In the listing below, find the line with "F�l�p Gyula-Lendvai Antal - �rp�d n�pe el�tt" and the line with "Ｓｈｏｎｅｎ Ｄａｉｌｙ (attack on titan)", then return them and every line between them exactly, minus the pictures.

• _SUPPLIED INFORMATION_
——

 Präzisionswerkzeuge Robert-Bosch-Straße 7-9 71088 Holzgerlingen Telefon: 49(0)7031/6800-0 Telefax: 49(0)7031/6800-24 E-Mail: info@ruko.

——

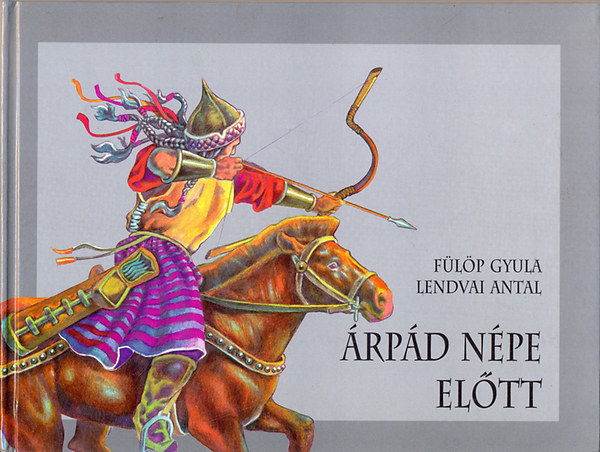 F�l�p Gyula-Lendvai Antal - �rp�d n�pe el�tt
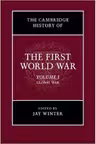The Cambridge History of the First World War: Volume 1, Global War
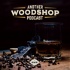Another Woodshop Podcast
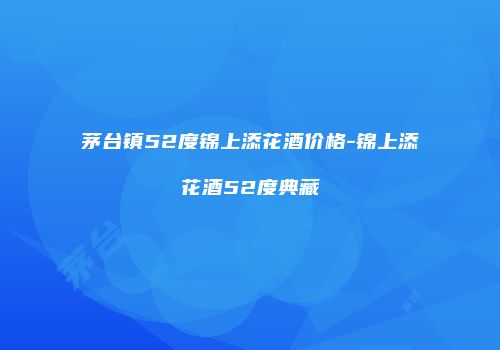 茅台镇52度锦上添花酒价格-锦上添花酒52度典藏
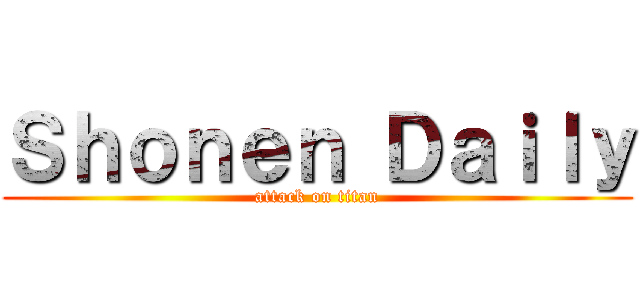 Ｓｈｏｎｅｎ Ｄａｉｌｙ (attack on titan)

——

• _EXERCISE ANSWER_
 F�l�p Gyula-Lendvai Antal - �rp�d n�pe el�tt
The Cambridge History of the First World War: Volume 1, Global War
Another Woodshop Podcast
 茅台镇52度锦上添花酒价格-锦上添花酒52度典藏
 Ｓｈｏｎｅｎ Ｄａｉｌｙ (attack on titan)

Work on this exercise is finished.